The problem:
Give back every line of the data exactly. Pictures are not part of the copy.

Collected data:
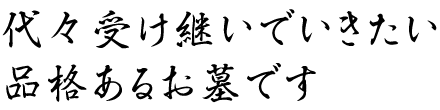 代々受け継いでいきたい品格あるお墓です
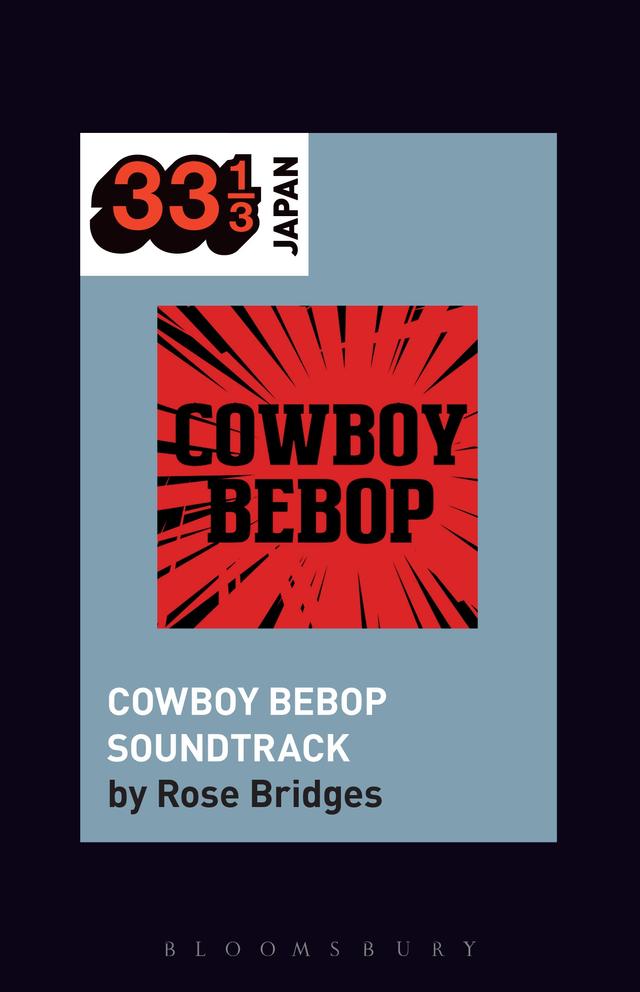 Yoko Kanno's Cowboy Bebop Soundtrack by Rose Bridges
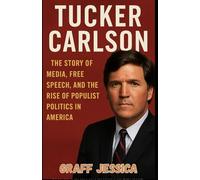 TUCKER CARLSON: The Story of Media, Free Speech, and the Rise of Populist Politics in America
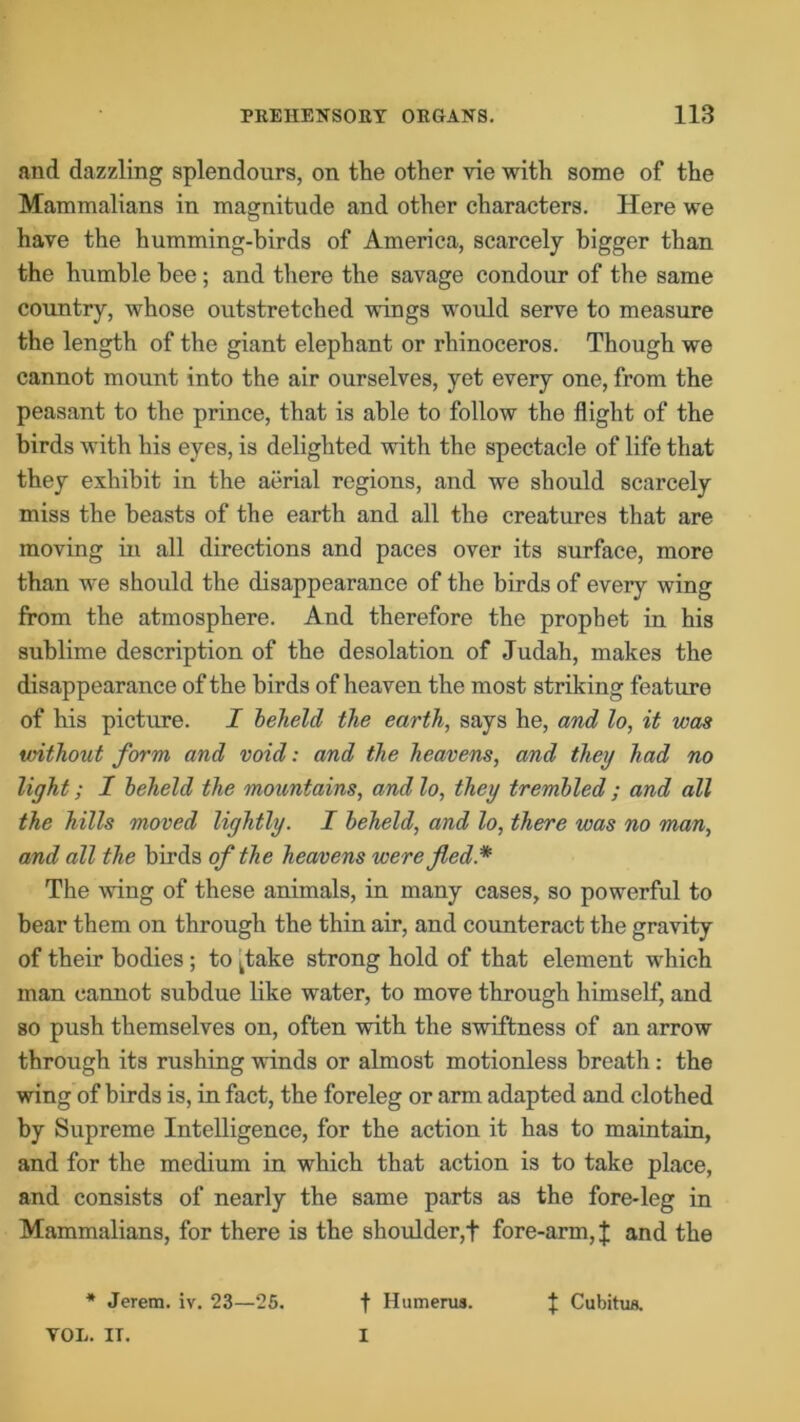 and dazzling splendours, on the other vie with some of the Mammalians in magnitude and other characters. Here we have the humming-birds of America, scarcely bigger than the humble bee; and there the savage condour of the same country, whose outstretched wings would serve to measure the length of the giant elephant or rhinoceros. Though we cannot mount into the air ourselves, yet every one, from the peasant to the prince, that is able to follow the flight of the birds with his eyes, is delighted with the spectacle of life that they exhibit in the aerial regions, and we should scarcely miss the beasts of the earth and all the creatures that are moving in all directions and paces over its surface, more than we should the disappearance of the birds of every wing from the atmosphere. And therefore the prophet in his sublime description of the desolation of Judah, makes the disappearance of the birds of heaven the most striking feature of his picture. I beheld the earth, says he, and lo, it was without form and void: and the heavens, and they had no light; 1 beheld the mountains, and lo, they trembled ; and all the hills moved lightly. I beheld, and lo, there was no man, and all the birds of the heavens were fled* The wing of these animals, in many cases, so powerful to bear them on through the thin air, and counteract the gravity of their bodies ; to ktake strong hold of that element which man cannot subdue like water, to move through himself, and so push themselves on, often with the swiftness of an arrow through its rushing winds or almost motionless breath: the wing of birds is, in fact, the foreleg or arm adapted and clothed by Supreme Intelligence, for the action it has to maintain, and for the medium in which that action is to take place, and consists of nearly the same parts as the fore-leg in Mammalians, for there is the shoulder,t fore-arm, £ and the * Jerem. iv. 23—25. t Humerus. J Cubitus. VOL. IT. I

Answer to this exercise:
 代々受け継いでいきたい品格あるお墓です
 Yoko Kanno's Cowboy Bebop Soundtrack by Rose Bridges
 TUCKER CARLSON: The Story of Media, Free Speech, and the Rise of Populist Politics in America
 and dazzling splendours, on the other vie with some of the Mammalians in magnitude and other characters. Here we have the humming-birds of America, scarcely bigger than the humble bee; and there the savage condour of the same country, whose outstretched wings would serve to measure the length of the giant elephant or rhinoceros. Though we cannot mount into the air ourselves, yet every one, from the peasant to the prince, that is able to follow the flight of the birds with his eyes, is delighted with the spectacle of life that they exhibit in the aerial regions, and we should scarcely miss the beasts of the earth and all the creatures that are moving in all directions and paces over its surface, more than we should the disappearance of the birds of every wing from the atmosphere. And therefore the prophet in his sublime description of the desolation of Judah, makes the disappearance of the birds of heaven the most striking feature of his picture. I beheld the earth, says he, and lo, it was without form and void: and the heavens, and they had no light; 1 beheld the mountains, and lo, they trembled ; and all the hills moved lightly. I beheld, and lo, there was no man, and all the birds of the heavens were fled* The wing of these animals, in many cases, so powerful to bear them on through the thin air, and counteract the gravity of their bodies ; to ktake strong hold of that element which man cannot subdue like water, to move through himself, and so push themselves on, often with the swiftness of an arrow through its rushing winds or almost motionless breath: the wing of birds is, in fact, the foreleg or arm adapted and clothed by Supreme Intelligence, for the action it has to maintain, and for the medium in which that action is to take place, and consists of nearly the same parts as the fore-leg in Mammalians, for there is the shoulder,t fore-arm, £ and the * Jerem. iv. 23—25. t Humerus. J Cubitus. VOL. IT. I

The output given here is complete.